I had a frustrating conversation yesterday with my local NHS mental health clinic who did my initial ASD referral.

I got my assessment result through just before Christmas and it said that I was indeed autistic. I ended up going through the right to choose option as I'd been on the NHS waiting list for about 3 years with no apparent end in sight. I was calling to ask the clinic about any support or guidance that they offered to autistic people and what they said surprised me, apparently they don't recognise most autism diagnosis from most non-nhs providers. 

The person I spoke to seemed to imply that if I wanted a proper assessment and diagnosis I'd have to go back into the NHS waiting list (which is now 8 years ISH).

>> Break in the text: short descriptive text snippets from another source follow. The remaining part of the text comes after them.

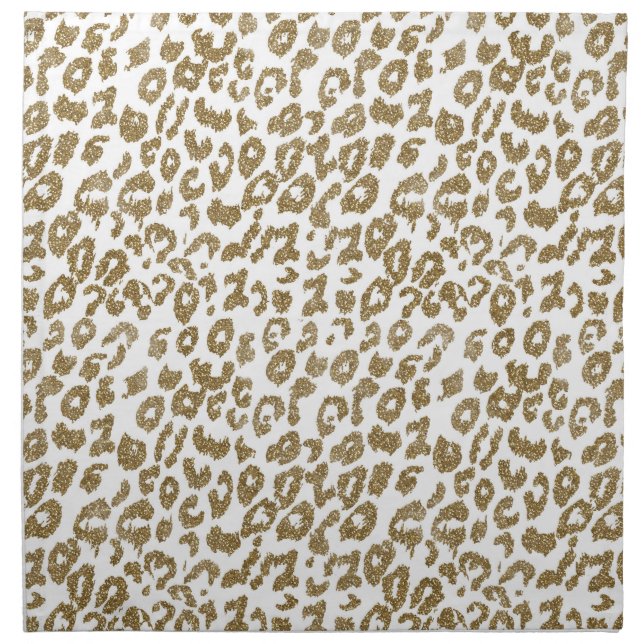 Pretty Trendy Leopard Print Gold Glitter Cloth Napkin (Front)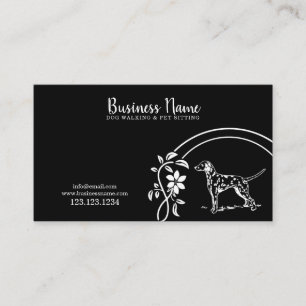 Elegant White & Black Dalmatian Blommigt Dog Walke Visitkort
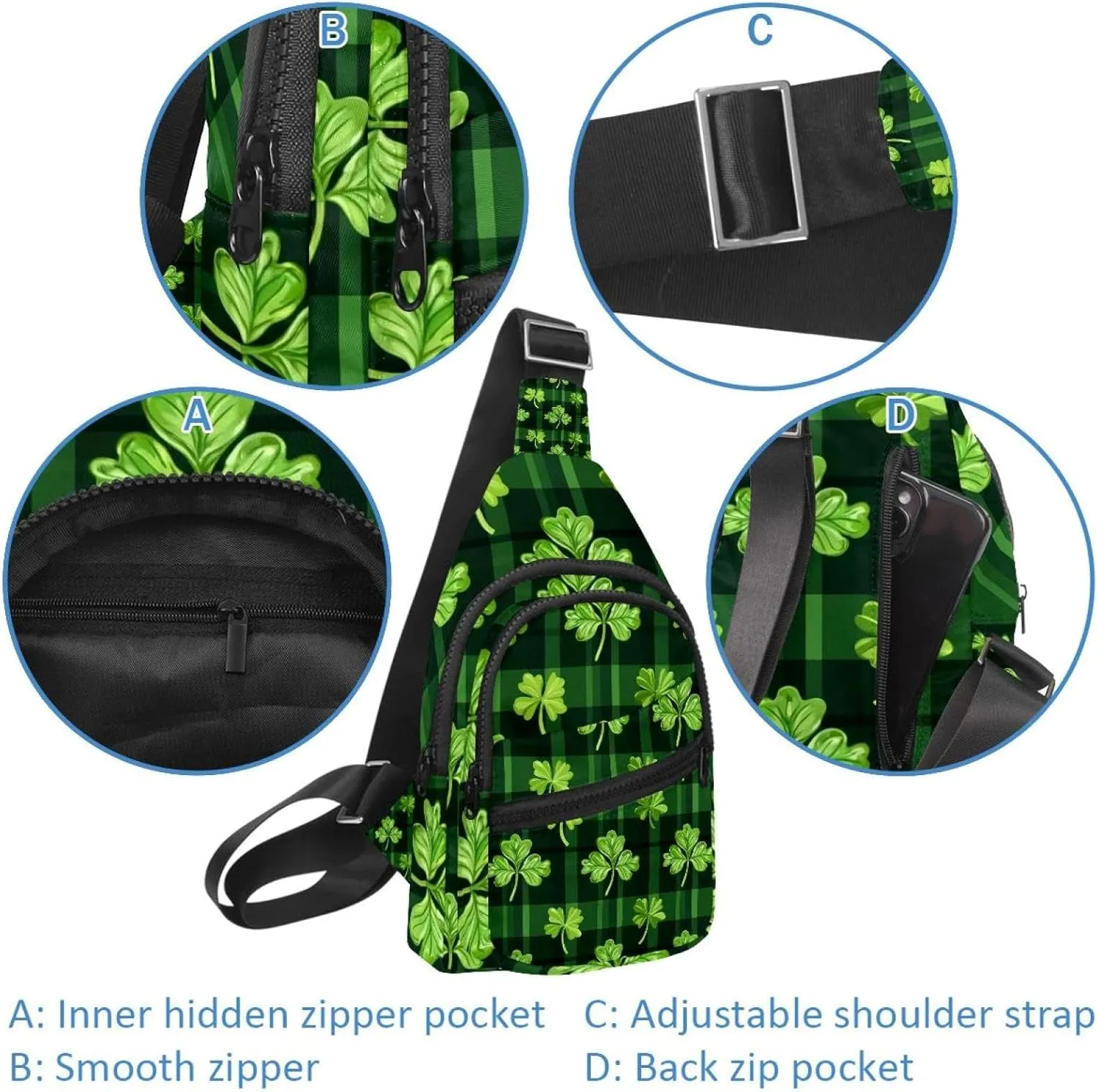 Small Sling Backpack Crossbody Sling Bag, Chest Bag Daypack, Saint Patrick's Day Clover Leaf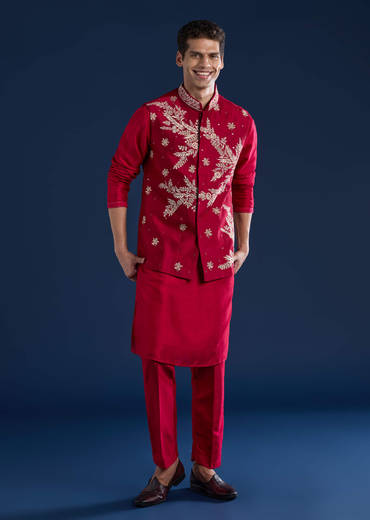 Red Silk Kurta and Jacket Set with Mirror Work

If you are assessed by a NHS approved provider. who uses the recognised diagnosis criteria you would think you'd end up with a valid excepted diagnosis. If this is actually the case, what is the actual point of having an assessment under right to choose.

Sorry, rant over.

Parents

  • I'd definitely also contact the provider who conducted the assessment for your diagnosis - Discuss this suggestion with them!! Personally, I suspect this is either an ill-informed NHS representative, or poor 'budget-tightening' decision making 

  • in reply to Literal_Joe

    They were my first port of call and I'm waiting on a response. The person I spoke to from the NHS clinic was quite "sharp" in tone. I'd called the previous day and asked the same question and was told that they'd look into it and call me back later that day, the call didn't come. So when I called back about 20+ hours later to check I ended up speaking to someone else. 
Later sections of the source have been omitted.